THE PROBLEM
A single stretch of the material below is to be transcribed exactly, starting at the line with "علبة حلوى زفاف" and ending after the line with "Personalisierte handgefertigte Spieluhr, personalisiertes".

RECORDS
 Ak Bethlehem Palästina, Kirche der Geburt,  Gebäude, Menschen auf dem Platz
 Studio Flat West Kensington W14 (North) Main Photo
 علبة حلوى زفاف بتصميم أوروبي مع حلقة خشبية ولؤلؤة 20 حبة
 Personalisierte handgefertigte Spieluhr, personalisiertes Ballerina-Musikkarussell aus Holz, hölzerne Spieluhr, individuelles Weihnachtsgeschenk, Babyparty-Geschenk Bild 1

---

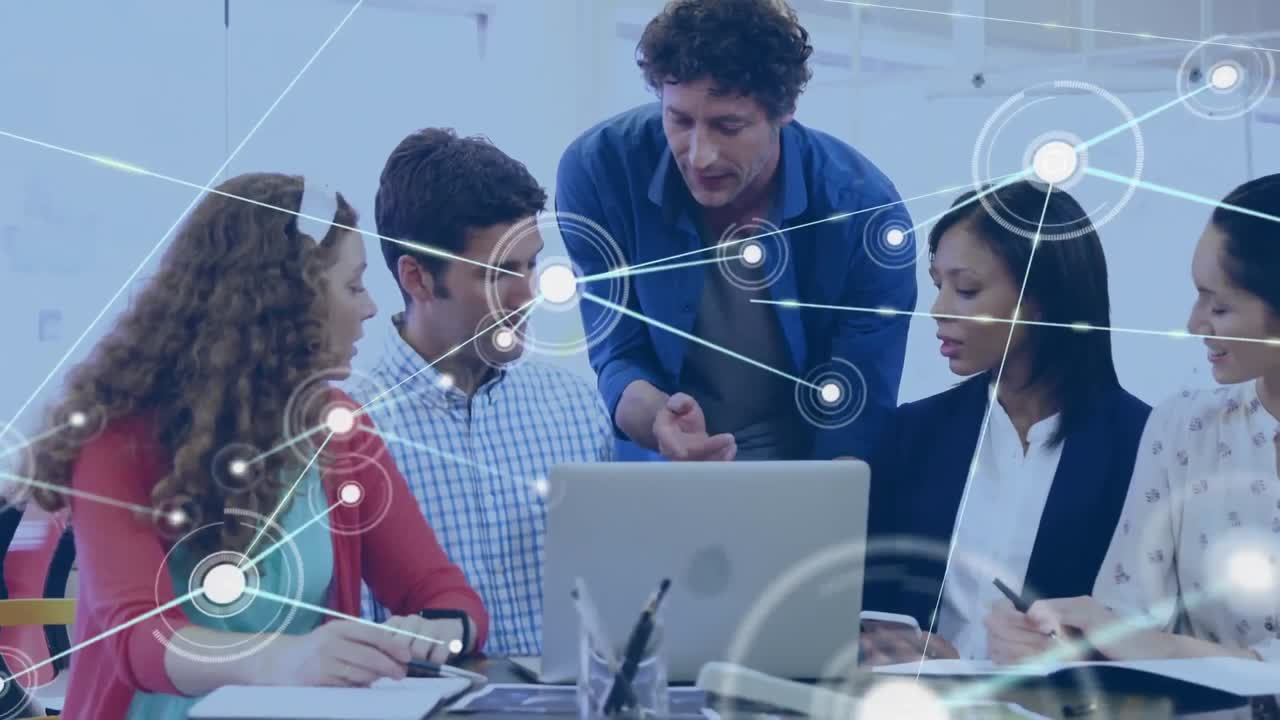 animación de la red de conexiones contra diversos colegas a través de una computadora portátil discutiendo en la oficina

RESPONSE TO THIS EXERCISE
 علبة حلوى زفاف بتصميم أوروبي مع حلقة خشبية ولؤلؤة 20 حبة
 Personalisierte handgefertigte Spieluhr, personalisiertes Ballerina-Musikkarussell aus Holz, hölzerne Spieluhr, individuelles Weihnachtsgeschenk, Babyparty-Geschenk Bild 1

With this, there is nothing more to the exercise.